Bacterial oral challenge
For in vivo inoculations, Mucispirillum was grown anaerobically on enriched BHI plates. A ratio of one plate/mouse was used for in vivo experiments. Three-week-old (both male and female) Jax DKO mice were co-housed as appropriate for gender, right after weaning, for 5 weeks. Jax-DKO mice were then randomly assigned to groups and fed either the RC or the FD diet (for the duration of the experiment). One week later, the animals were treated with vancomycin (250 mg/l in drinking water, Xellia Pharmaceuticals, Buffalo Grove, IL) for 7 days and finally switched to regular water. Among antibiotics usually used to deplete microbiota in SPF, vancomycin is one that mainly targets Gram-positive microbe, and it was used as it doesn’t not affect colonization of Gram-negative Mucispirillum and rather enhances it in SPF mice (based on our preliminary experiments). Mice were then colonized (oral gavage) with 0.2 ml of BHI broth containing approximately 1 × 108 CFU of Mucispirillum every other day for 7 days. Mouse survival and body weights were monitored for 7 days after the first oral administration. RC-fed male and female littermate Muc2−/− and Muc2+/− mice were separated at five-week of age (after 2 weeks of cohousing), then treated with vancomycin (250 mg/l in drinking water) for 7 days and finally switched to regular water. Mice were then infected (oral gavage) with 0.2 ml of BHI broth containing approximately 1 × 108 CFU of Mucispirillum and sacrificed one day after bacterial administration. To determine bacterial loads and to monitor the development of intestinal inflammation, fecal samples were collected before and every other day for 7 days in Jax-DKO mice, and until day 1 in Muc2−/− and Muc2+/− mice, following the first bacterial administration. The abundance of Mucispirillum was quantified by qPCR and level of intestinal inflammation was determined using lipocalin-2 ELISA. Jax-DKO mice were sacrificed 7 days after the first infection, while Muc2−/− and Muc2+/− mice were sacrificed on day 1. Cecum and colon tissue was harvested and processed for mucus thickness measurement and histological examination.

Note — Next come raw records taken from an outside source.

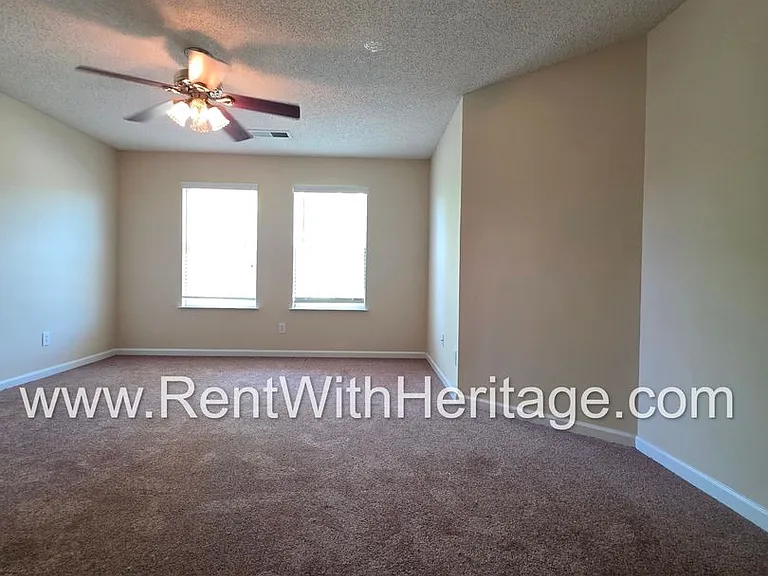 2028 Sweet Bay Dr — Photo 39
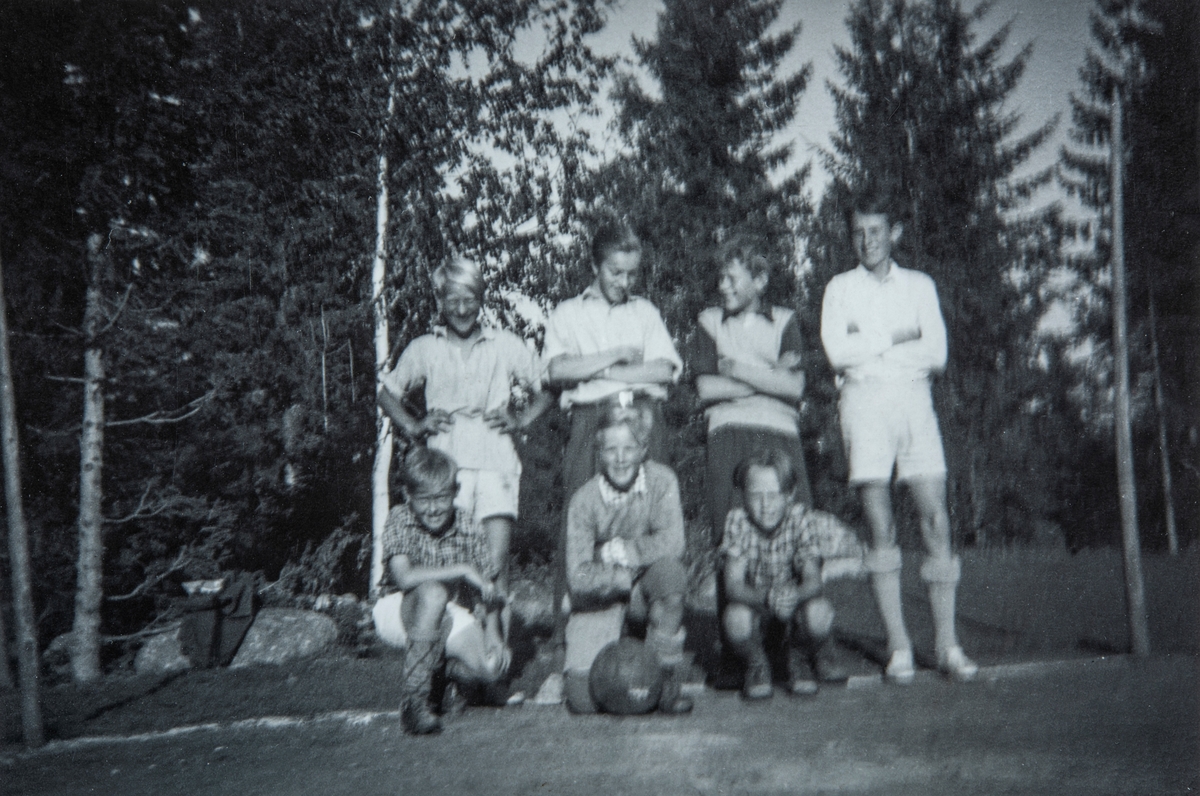Fotball lag på Skålerudbakken av nedre Skålerud 86/5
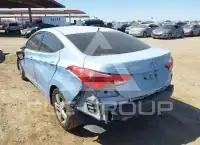 2013 Hyundai Elantra photo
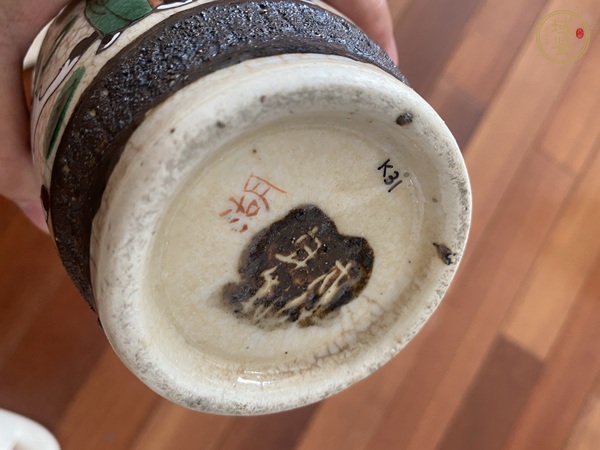 古玩陶瓷刀馬人瓶真品鑒賞圖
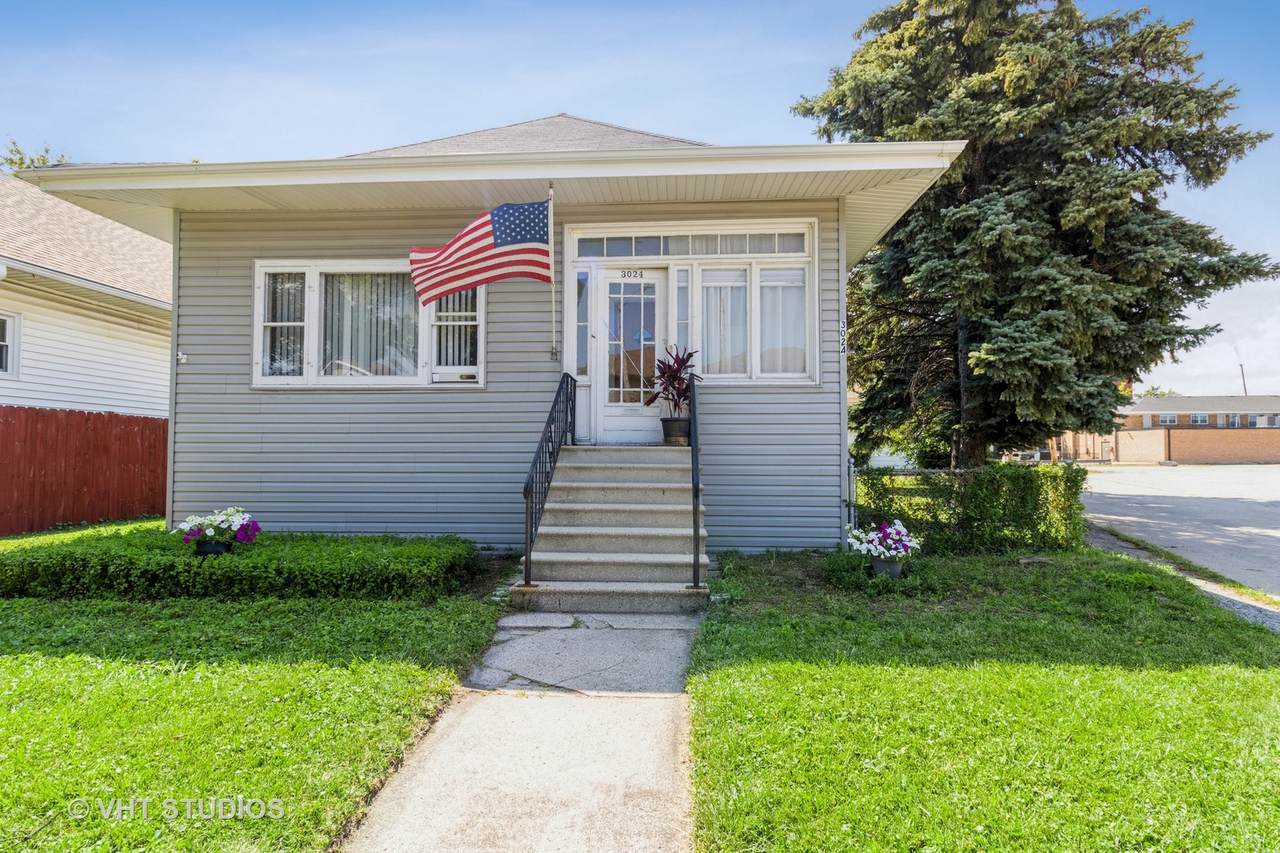 3024 Edgington Street - Photo 1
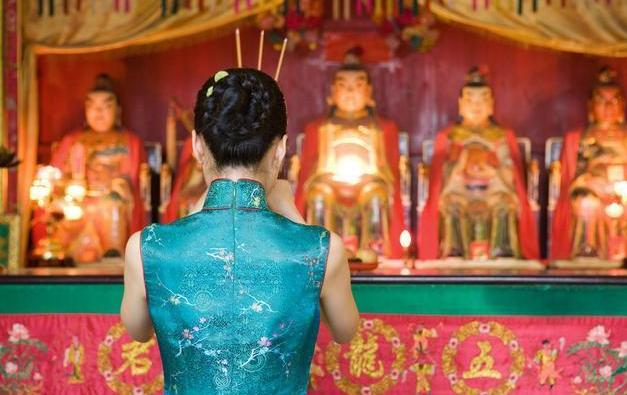 穷算命富烧香说的句句在理,穷人算命富人烧香经典语录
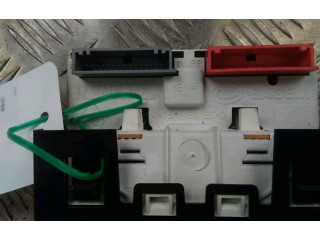 Дисплей       Renault Clio II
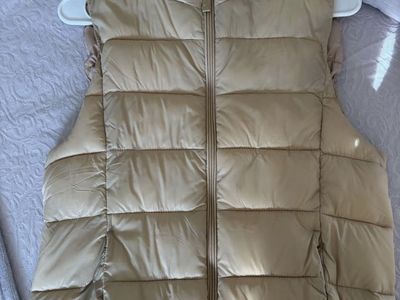 Women’s puffer vest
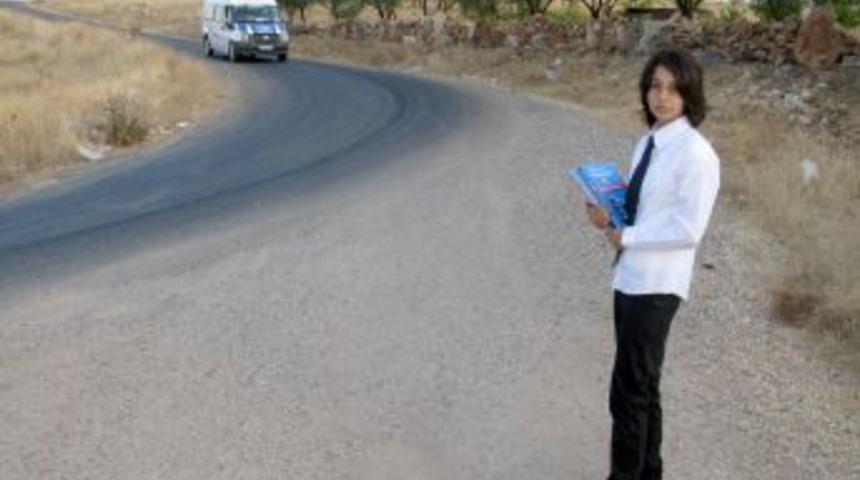 Kız &ouml;ğrencilerden, eğitime devam i&ccedil;in servis talebi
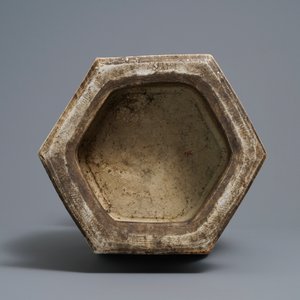 Un vase de forme hexagonale en porcelaine de Chine famille rose, 19ème — photo 6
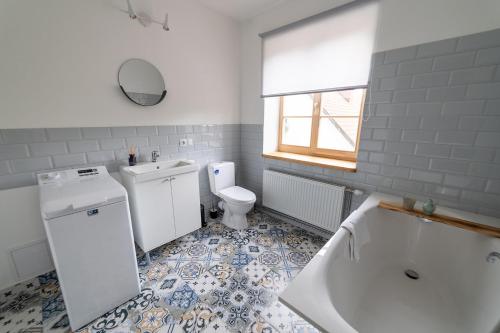 塔尔西Apartaments Nr. 33 ( Viesu Nr. 4)的带浴缸、卫生间和盥洗盆的浴室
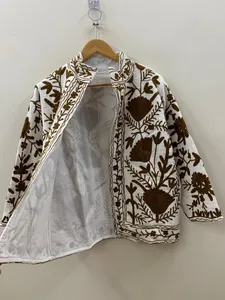 Chaqueta de algodón texturizado blanco premium con bordado floral tradicional marrón hecho a mano para mujer, elegante chaqueta Rajasthani. - Product Image 3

GF C57BL/6 mice were inoculated with either E. coli K12 BW25113 or R. torques VIII (0.2 ml of bacterial suspension/mouse, ~109 CFU). Mono-colonization with either E.coli or R. torques was confirmed by qPCR. Mono-colonization with R. torques VIII was achieved by treatment with 100mM succinate (disodium succinate, Sigma, St. Louis, MO) for 7 days prior the bacterial gavage, a strategy which is used to reduce the oxygen concentration in the gut of GF mice and allow colonization with strict anaerobes 71. Succinate treatment was administrated only to R. torques group and stopped two weeks prior Mucispirillum administration to avoid it could have affected it. For ex-vivo studies, GF, E. coli- and R. torques-monocolonized mice were euthanized 2 weeks after reconstitution and used to prepared cecal homogenates (see above). For in vivo studies, GF, E. coli- and R. torques monocolonized C57BL/6 mice (2 weeks after reconstitution) received 0.2 ml of BHI broth (oral gavage) containing approximately 1 × 108 CFU of Mucispirillum. To determine bacterial loads, fecal samples were collected before and every week for up to 2 weeks following Mucispirillum administration. The abundance of Mucispirillum was quantified by qPCR. In additional in vivo experiments, GF and R. torques monocolonized C57BL/6 mice were sacrificed 2 weeks after reconstitution. Large intestine was harvested, and the mucus thickness was assessed as described above.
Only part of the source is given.